Au risque de me répéter, je ne peux commencer ce billet consacré à l’hôpital public sans émettre les plus vives réserves sur la manière dont les précédents gouvernements l’ont considéré.

L’hôpital entreprise n’était pas qu’un slogan, c’était bel et bien un objectif politique.

Besoin de preuves ?

Le budget de fonctionnement d’un hôpital a été en quelques années déterminé en fonction de sa seule activité, mesurée en chiffre d’affaire. L’idée était d’inciter les hôpitaux à entamer une restructuration, vers plus d’efficience. Mais la pression s’est faite croissante, la logique a été poussée toujours plus loin, et notre modèle hospitalier s’en est vu grandement affaiblit : suppression de lits, réduction du personnel en sont des symptômes très visibles. Et surtout, l’avènement d’une idéologie libérale jusque dans nos hôpitaux : celle du soigner plus pour gagner plus. Une véritable course à l’échalote a démarré, à tel point que des  dispositifs de contrôle  des établissements ont été mis au point pour éviter les fraudes. Un comble quand on parle d’hôpital.

Comme si cela ne suffisait pas, une épée de Damoclès pesait au dessus de l’hôpital déjà fragilisé : la convergence tarifaire. Si initialement les tarifs appliqués pour un acte réalisé à l’hôpital public tenaient compte de ses spécificités (enseignement, recherche, porte toujours ouverte, gratuité, etc.), la convergence tarifaire programmait que les tarifs du public et du privé s’équilibrent dans les 5 ans.
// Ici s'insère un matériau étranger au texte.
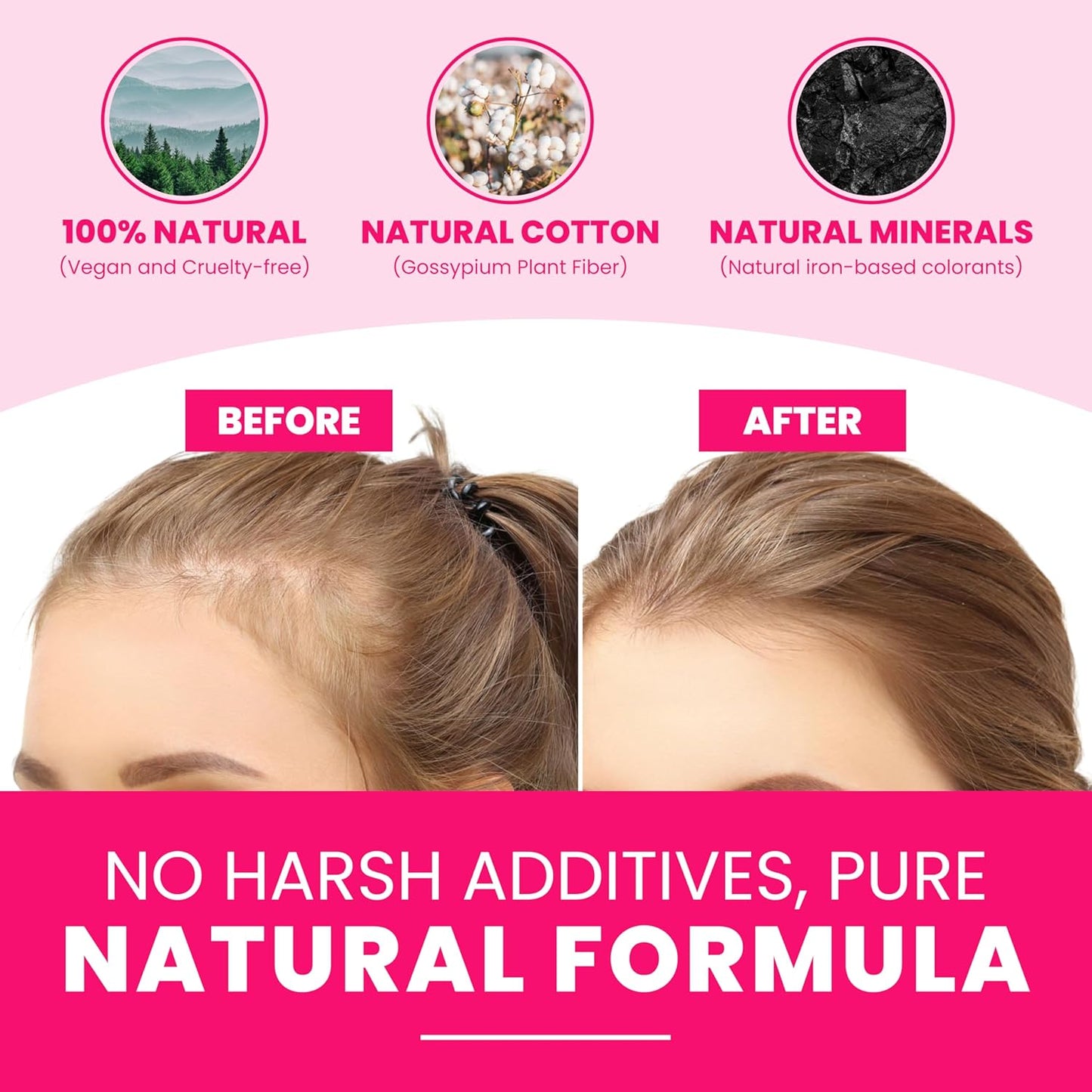 VELO Hair Building Fibers for Thinning Hair –BLACK Hair Fibers for Men & Women – Covers Bald Spots, Hairline Powder, Hair Thickening Fibers – Hair Filler Powder for Fuller-Looking Hair – 30g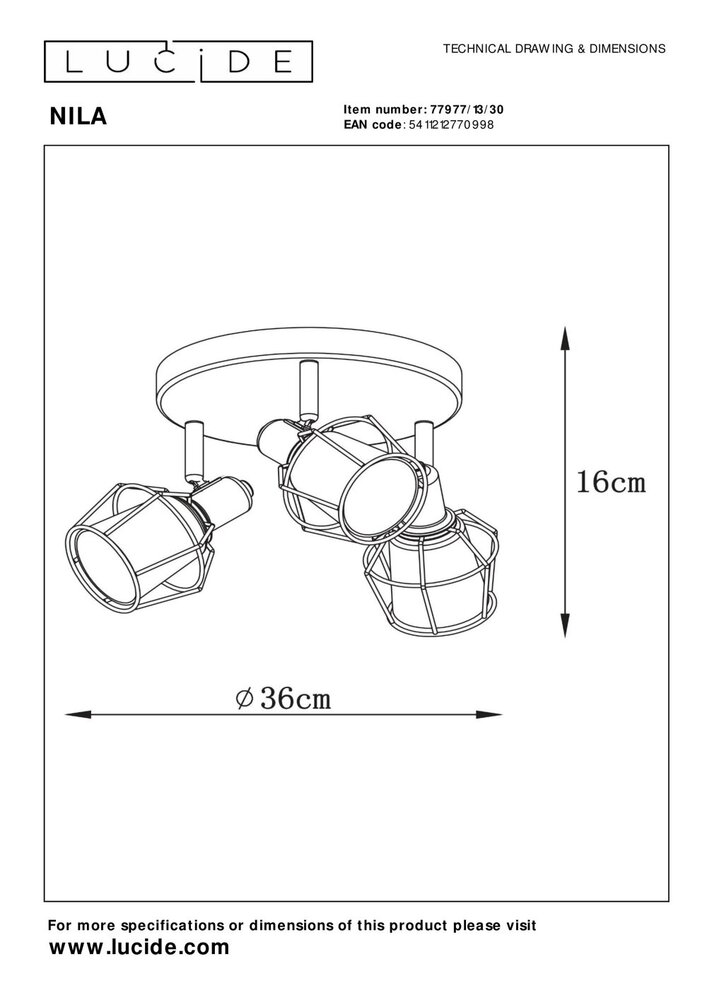 Lucide NILA - Plafondspot - Ø 36 cm - 3xE14 - Zwart Lucide NILA - Plafondspot - Ø 36 cm - 3xE14 - Zwart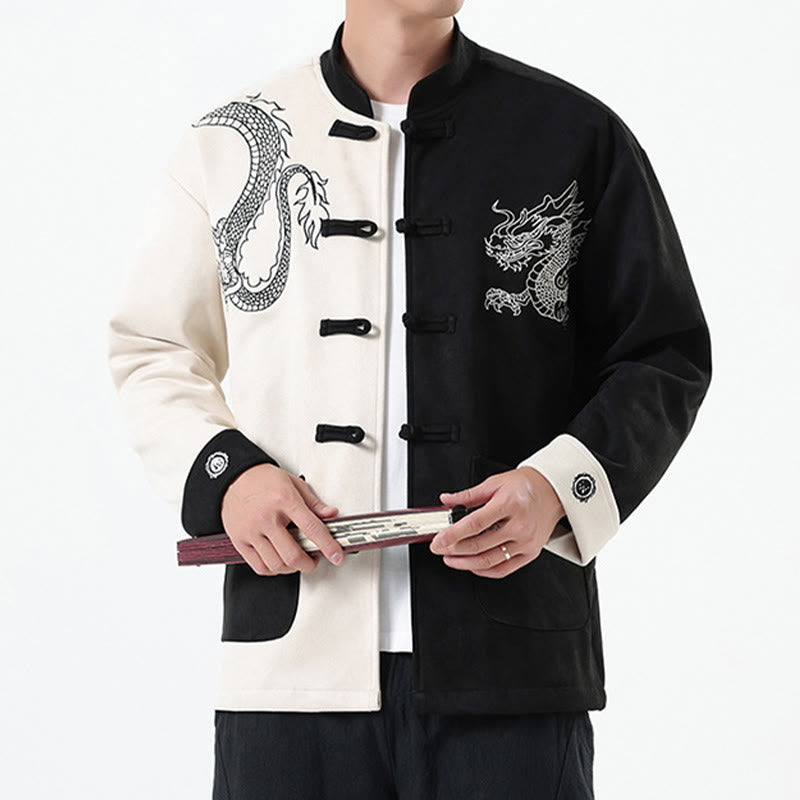 Buddha Stones Dragon Ricamo Casual Rana-bottoni Cotone Uomo Giacca Camicia Abbigliamento - image 2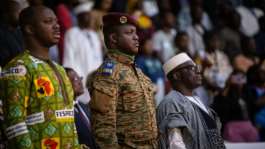 Burkina Faso military leader Captain Ibrahim Traore (C) says he is leading a popular progressive revolution.  By OLYMPIA DE MAISMONT (AFP/File)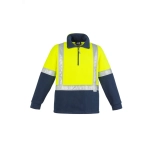 A unisex hi-vis polar fleece pullover in fluorescent yellow and navy, featuring reflective tape and a zippered neck.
Autre exemple. L’application à l’hôpital public de l’idéologie de la gouvernance a atteint son paroxysme quand, lors d’un discours, Nicolas Sarkozy a appelé à mettre tous les « pouvoirs dans les mains d’un seul patron ». Le volet H (comme Hôpital) de la loi HPST l’a mis en œuvre. Ce fut d’ailleurs l’un des principaux points de tension avec les médecins hospitaliers (on se souvient de la manif’ des blouses blanches). Vraiment, le volet gouvernance hospitalière est à oublier. Vite.

Le dernier round aura été le pire sur un plan symbolique: la fin du service public hospitalier. Il n’est pas choquant de reconnaître à l’ensemble des établissements de santé la possibilité d’effectuer des missions de service public, et de les valoriser pour cela. Tous les professionnels de santé sont au service de leurs patients. Mais pourquoi retirer cette possibilité d’appeler un hôpital public un hôpital public ? Une étude récente a montré que 95% des médecins exerçant à l’hôpital revendiquent cette appellation et ce qu’elle désigne.

Lorsque je dis que les précédents gouvernements ont suivi une logique d’hôpital entreprise, ce n’est pas dans le but de caricaturer une politique de droite ultra libérale. Simplement faire le constat d’une logique qui n’est pas la mienne, ni celle des soignants qui travaillent à l’hôpital, ni évidemment celle des usagers du soin.

Car hôpital public (–) service public (–) tarifs publics (–) organisation publique (=) ?

Il faut donc du changement (et oui !). En l’occurrence, il ne se fait pas attendre. Dès ce Projet de Loi de Financement de la Sécurité Sociale (PLFSS) pour 2013, la convergence tarifaire est supprimée. La notion de service public hospitalier est restaurée. Le budget hospitalier est augmenté par rapport aux prévisions.

Sur d’autres sujets majeurs, il nous faudra agir dès les prochains mois.

Je pense notamment à l’évolution des carrières à l’hôpital.

Je pense également à l’évaluation des établissements de santé. Est il normal de laisser cette mission à des journaux qui ont recours à des auto-questionnaires ou des indicateurs strictement comptables, là où les usagers attendent une évaluation rigoureuse, objective, pour se faire soigner en confiance ? Je ne jette pas la pierre aux médias, qui se sont emparés d’un sujet totalement délaissé par la puissance publique. Mais il semble essentiel que nous répondions aux attentes des usagers.

Je pense encore aux difficultés qu’ont certains hôpitaux pour recruter des soignants, ou à la nécessaire mise en place d’équipes territoriales.